Not another one? Why not use the numerical evidence to guide us?

I agree with Clement Atlee and Margaret Thatcher, referenda are “a device of dictators and demagogues”. The whole point of representative democracy is that we elect representatives to make decisions on our behalf. If we do not like their decisions, we can elect new representatives. Adding referenda into this mix creates conflicting mandates leading to the chaos we have now. Like everyone else, I have to accept the reality that the Conservatives made the mistake of offering a referendum and were elected. However, once you have made this mistake once, there is no reason why should not hold another referendum and so on, ad infinitum. But how soon you should reschedule another referendum is an important question. The democratically accepted answer depends on the result. Why does the result matter? Because of electoral churn. In the UK, there are over 750,000 new voters every year, and it is not democratic to deny them a say, especially if their views may have a significant impact on the result. So if the result of a referendum differs by less than 750,000 then you need to rehold the vote every year. If the result differs by less than 1.5 million, you need to rehold within two years, and so on.

On this basis, we should have rerun the EU referendum (leave majority 1.3 million) within two years. [1] If you do want to hold a ‘once in a lifetime’ referendum then you need to demand at least a two-third majority or more depending on how long you think a lifetime is. Unless, you are prepared to rehold the vote every few months, a simple binary choice majority referendum is a terrible idea.

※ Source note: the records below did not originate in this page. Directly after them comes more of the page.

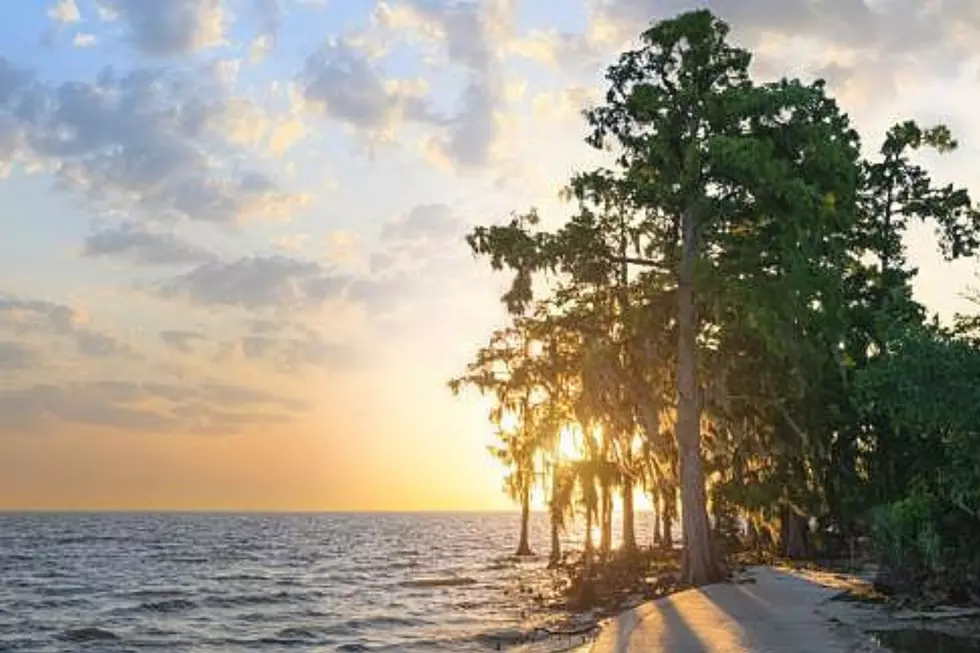 Louisiana Beach Showcases Stunning White Sands and Breathtaking Scenery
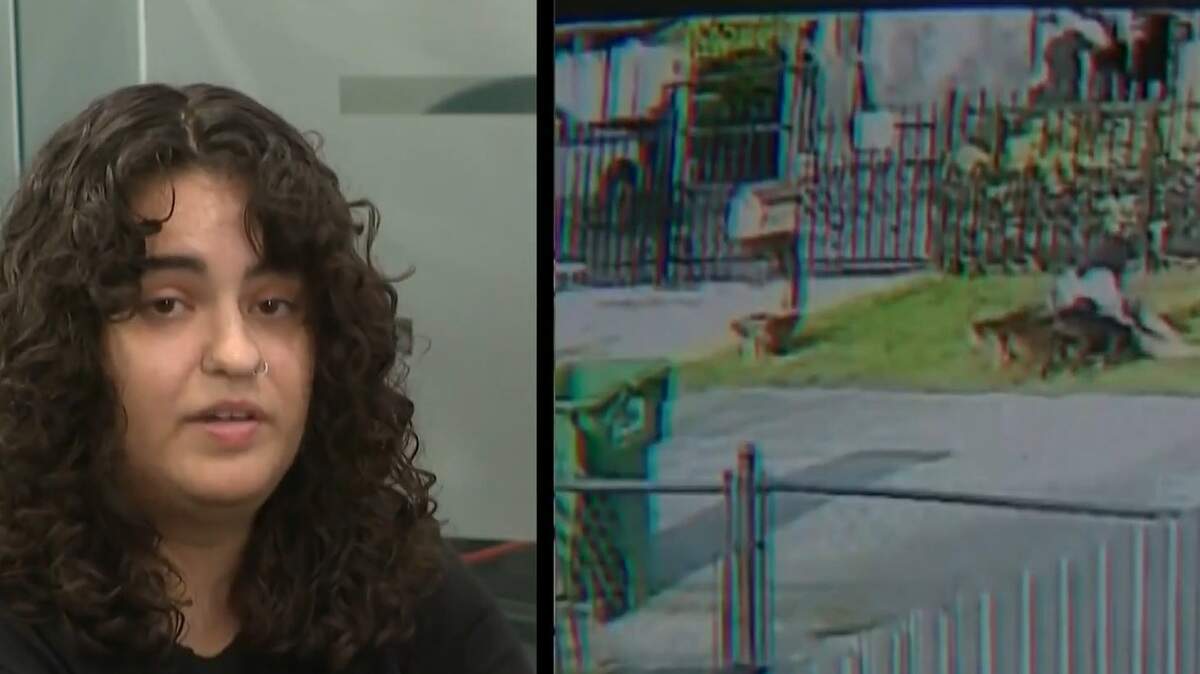 South Florida woman recounts terrifying dog attack as final dog is captured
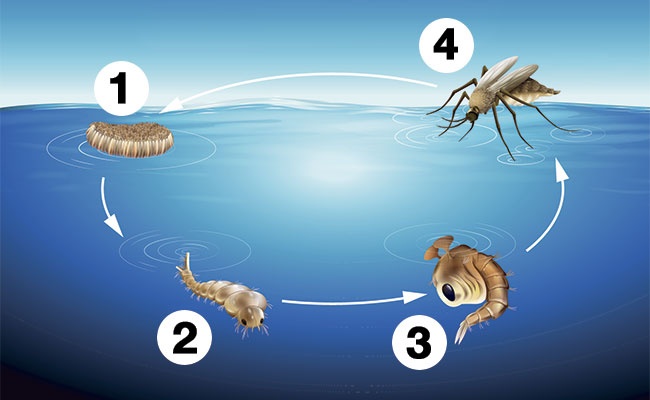 Mosquito life cycle and when fish can eat them as food diagram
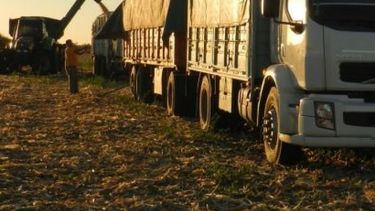 La tarifa de referencia para el transporte de granos sube un 18%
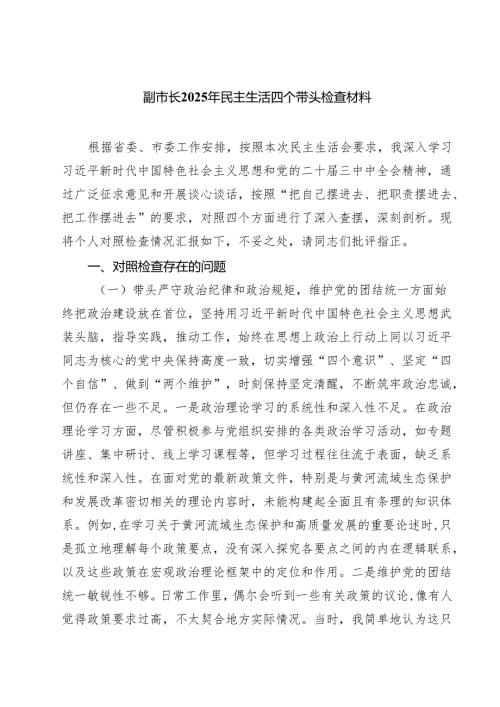 （9篇）副市长2025年民主生活四个带头检查材料最新.docx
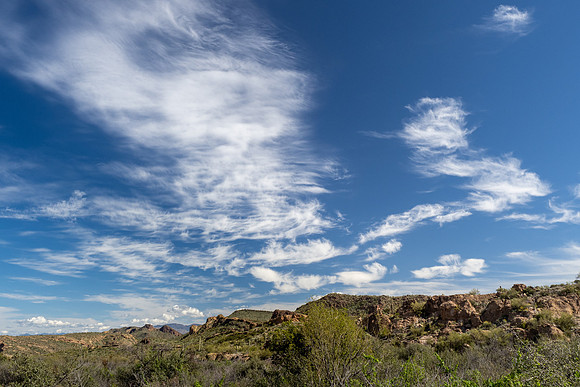 Arizona 2020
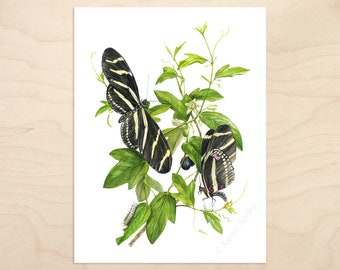 Zebra Longwing Butterflies & Corkystem Passionflower Print -- Botanical Watercolor Art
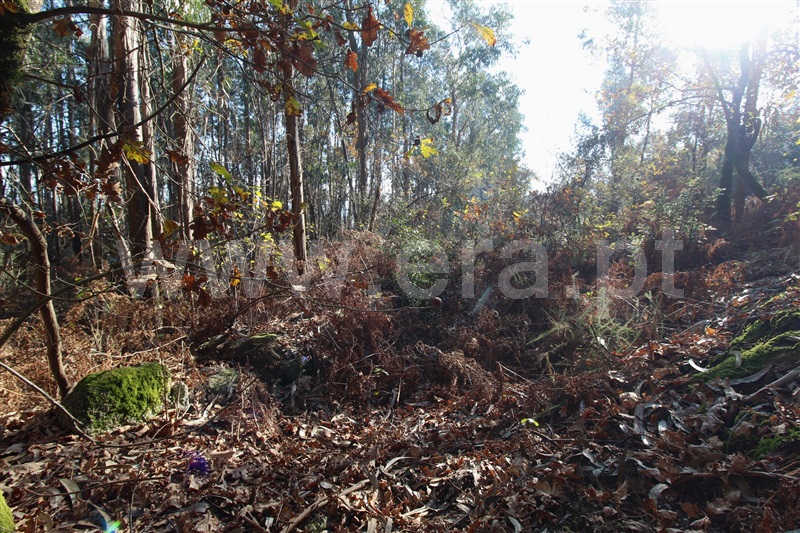 Terreno Rústico  Barcelos, Campo e Tamel (São Pedro Fins) - 1245193 - 1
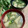 2880naaao's cooksnap of when they made ほうれん草と薄揚げの味噌汁.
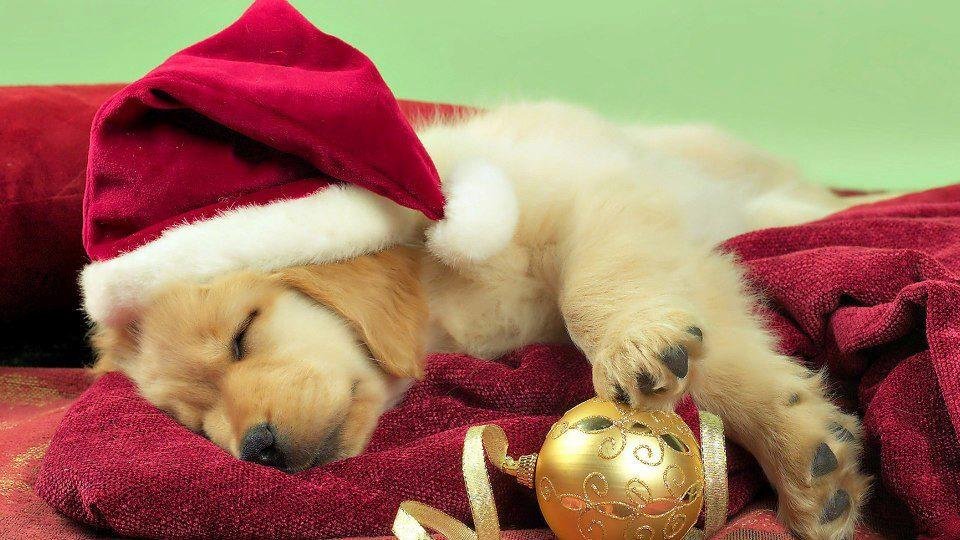 Good night and sweet dreams! ;)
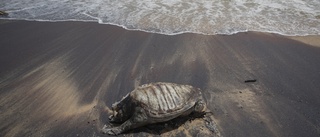 Döda sköldpaddor spolas i land på Sri Lanka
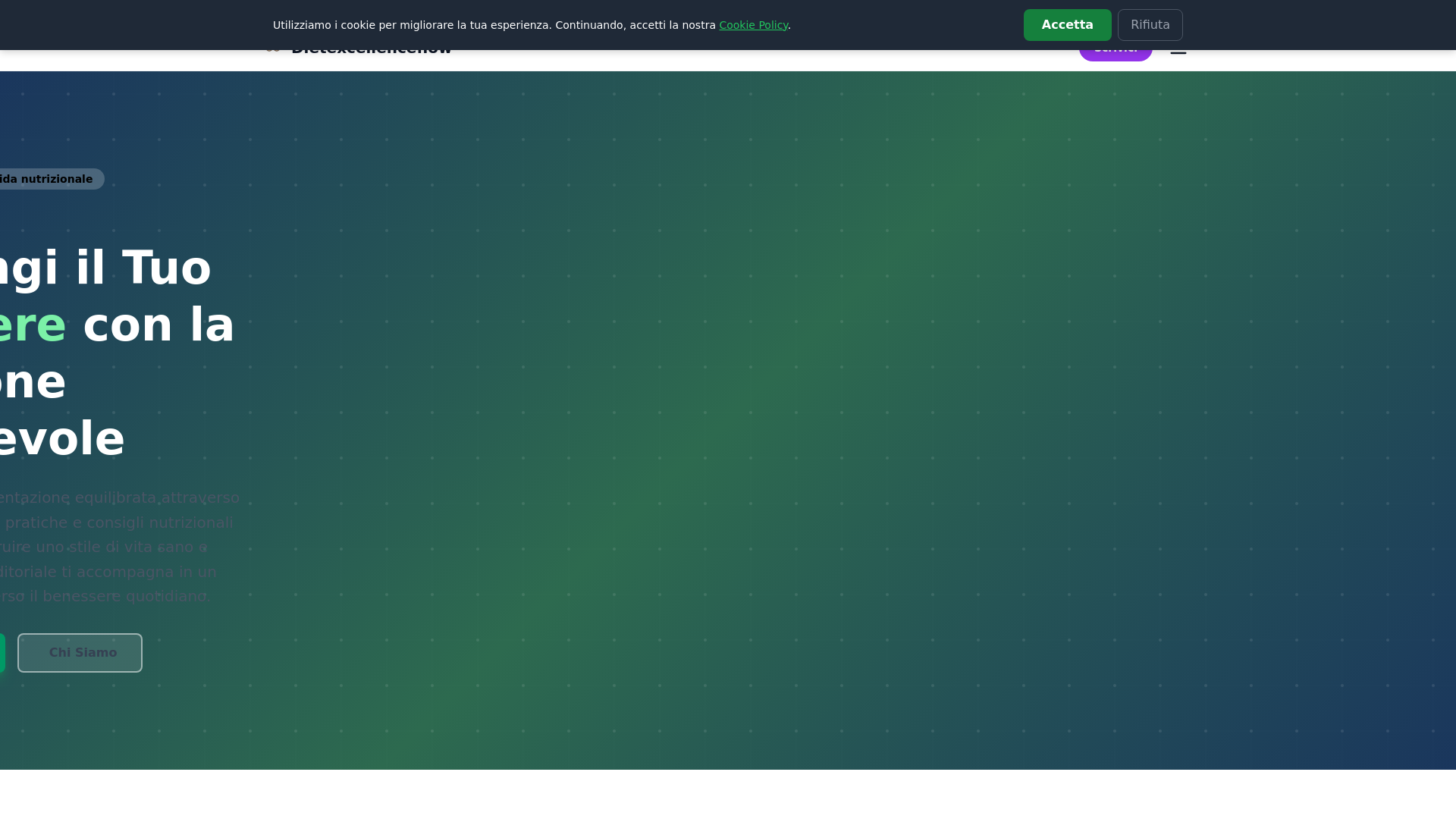 website screenshot of https://dietexcellenceflow.info/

[1] Peter Kellner estimates that Jan. 19, 2019 is cross-over day when remain attains a majority, assuming no-one changes their mind, and new voters follow the 2016 voting patterns.

Comments

  1. Sean Danaher -

    Its a good argument. One could add to this that the people most likely to be impacted by the referendum result, given that it has been interpreted as ending FoM are the younger generation. Loss of Erasmus is also a big blow.

  2. Graham -

    I agree in principle that representatives should make the decisions. However, our current political set-up is so dysfunctional – first-past-the-post, an unelected 2nd chamber stuffed with Party cronies, Bishops and assorted others, the influence of lobbyists, business and newspapers, and the fact that in practice most MP’s do not represent their constituents views but vote in accordance with Party instructions (recent minor rebellions and a possible larger one notwithstanding) and even less do they consider in a thoughtful manner what is best for their country and the people as a whole. This is especially obvious in the case of the 13 Tory MP’s from Scotland, where every single constituency voted to Remain yet they have sat on their hands as the current PM and her ministers have treated the Scottish Parliament, and its people with utter contempt. In the current situation I’m not sure which is the lesser evil.

    1. Peter May -

      And it is not just Scotland this government treats with utter contempt. It is just Scotland is fotunate to have a measure of devolution that is suficient to enable it to at least comment appropriately. The English have nothing except emasculated and bankrupted councils.

    2. Charles Adams -

      I also agree that our current ‘representative’ democracy needs a lot of remedial work. Especially, as you suggest, the 2nd chamber which currently is not ‘representative’ at all.

  3. Peter May -

    This is an excellent argument – and so obvious that I’m just ashamed I never thought of it!
    More to the point I’ve never seen it mentioned anywhere – and it should be.

  4. PJ Kearns -

    A reason for a 2nd referendum might be that nobody knew what they were voting on in the first place, what does Brexit really mean and what it would take to leave the EU whilst meeting all legal and constitutional obligations. An uneducated vote can hardly be considered democratic. Because of all this slowly coming to light, it seems the majority has already shifted in favour of remaining.

    1. Caro -

      I agree largely with your position. A referendum that is representative needs the following co nditions. A WELL informés Electorate of whom Over 70% actually cast a vote, of whom a 2/3 Majority carry the day.
      Anything less is a mere #consultation#, without any power to bind the House of Commons.

  5. Geoff -

    Best argument I’ve seen for another vote. But isn’t it also true there are roughly 500,000 deaths each year in the UK many of whom will have voted leave in 2016. From memory it was the older age group who figured highly in the leave camp vote.